= Clemens Johannes Helin II =

Clemens Johannes Helin II or Clemens Helin I (10 November 1710 - 29 November 1775) was a Swedish theologist, priest and Representative of the Clergy in Parliament. He was the second patriarch of the Helin family.

==Biography==
Clemens Johannes Helin ll (1702-1775) was the son of Clemens Johannes Helin l and Christina Flodin. He obtained a doctorate in 1732 and became the In-House-Priest of Countess Ulrica Juliana Brahe. In 1733, he was transferred to the manor of the President of the Mountain Department of Sweden Conrad Ribbing. In 1740, Clemens Helin was the Vice-preses of the Clergy Conference. Clemens was appointed as Provost of Gränna Parish and Visingö Parish in 1755. He was Speaker of the Clergy Conference in 1760. In 1772, Clemens Helin obtained the title of Theological Doctorate. Clemens attended Parliament as Representative of the Clergy in 1746 and 1751.

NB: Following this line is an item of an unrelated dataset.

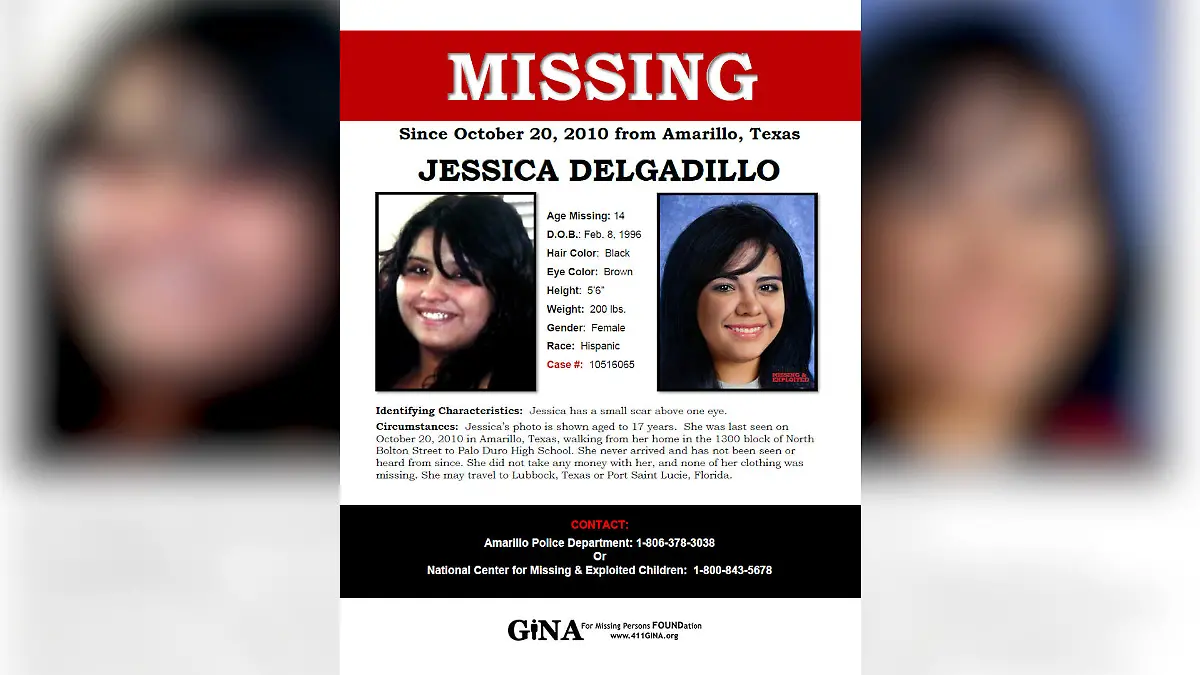 Mit diesem Fahndungsplakat sucht die Polizei vor 13 Jahren nach der vermissten Jessica Delgadillo.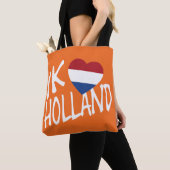 Ik Heartflag Holland Wt onまたはstcnt トートバッグ (クローズアップ)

He was married  to Wendela Christina Hielmgren (1713–1794), who was the eldest child of Clemens l classmate and first lector in theology Magnus Hielmgrehn (1679-).

==Bibliography==
- 1745 – Likpredikan över fru Elsa Manquer, kyrkoherde i Vetlanda Sven Blidbergs maka hållen i Vetlanda kyrka den 13 november 1744. Utgiven 1745 i Stockholm.
- 1772 – Likpredikan vid kyrkoherde i Myresjö och Lannaskede magister Jonæ Virganders jordfästning uti Myresjö kyrka den 27 november 1750. Utgiven 1772 i Karlskrona.
- Likpredikan över prosten och kyrkoherden i Hakarps församling Andreas Ståhl hållen uti Hakaprs kyrka den 6 april 1764. Utgiven i Växjö.

===Manuscripts===
- 1758 – Berättelse om Gränna kyrkia, prästegård och församling samt de märkvärdigheter, som därstädes finnas månde, avgiven den 30 januari 1758.
- 1764 – Kort beskrivning över Gränna kyrka, prästegård, stads- och landsförsamling, daterad den 25 april 1764.